İyi Parti Genel Başkanı Meral Akşener Cumhuriyetin babadan oğula geçen, saltanat yerine; egemenliği, kayıtsız şartsız millete veren,  bir büyük, medeniyet hamlesi olduğunu belirterek “Cumhuriyetimiz; Bir kişinin, keyfi kararları yerine;  Anayasa, hukuk ve adalet ile yönetilmektir. Cumhuriyetimiz; Tebaa yerine, millet olmaktır.
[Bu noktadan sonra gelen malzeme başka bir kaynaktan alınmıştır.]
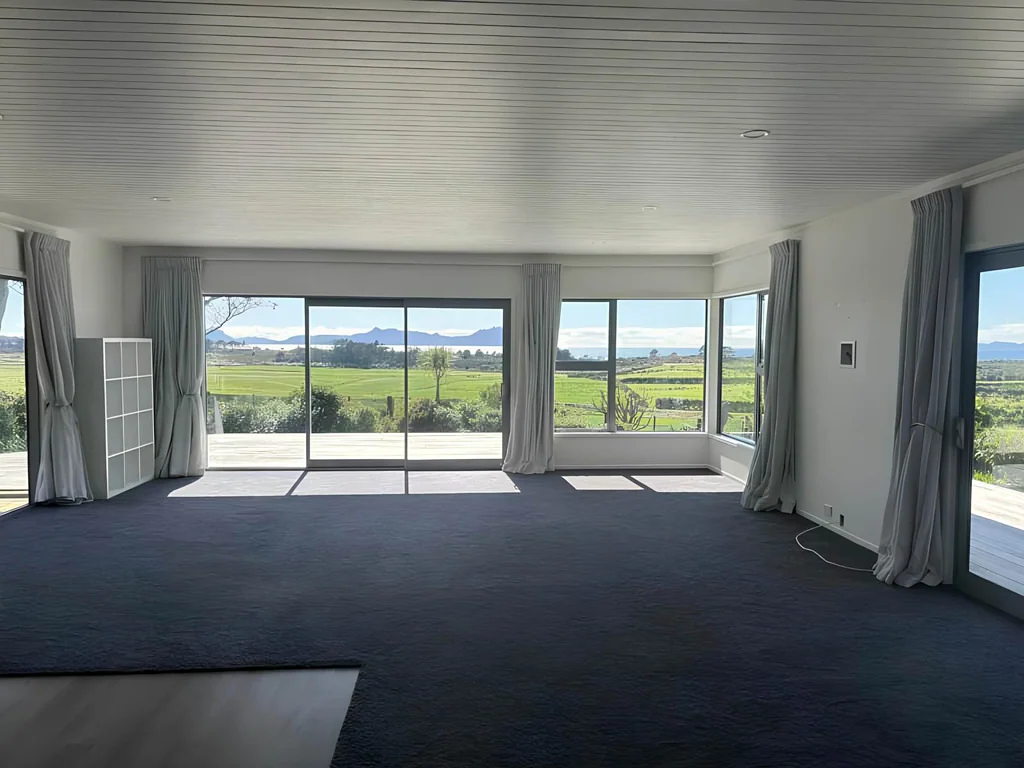 Spectacular Views!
Esaretin zincirlerinden kurtulup, hürriyete kavuşmaktır.  Coğrafya duvarlarını, yıkan; Cam tavanları, delip geçen; Gümüş kaşıkları, kenara […]

İyi Parti Genel Başkanı Meral Akşener Cumhuriyetin babadan oğula geçen, saltanat yerine; egemenliği, kayıtsız şartsız millete veren,  bir büyük, medeniyet hamlesi olduğunu belirterek “Cumhuriyetimiz; Bir kişinin, keyfi kararları yerine;  Anayasa, hukuk ve adalet ile yönetilmektir. Cumhuriyetimiz; Tebaa yerine, millet olmaktır. Esaretin zincirlerinden kurtulup, hürriyete kavuşmaktır.  Coğrafya duvarlarını, yıkan; Cam tavanları, delip geçen; Gümüş kaşıkları, kenara iten; Türk milletinin her bir ferdine,  eşit şartlarda yarışma fırsatı sunan; bir toplumsal atılımdır” dedi. Akşener Erdoğan’ın Filistin İsrail savaşıyla ilgili açıklamalarını da eleştirerek “Sen Netanyahu’nun değirmenine su taşıyorsun” diye tepki gösterdi.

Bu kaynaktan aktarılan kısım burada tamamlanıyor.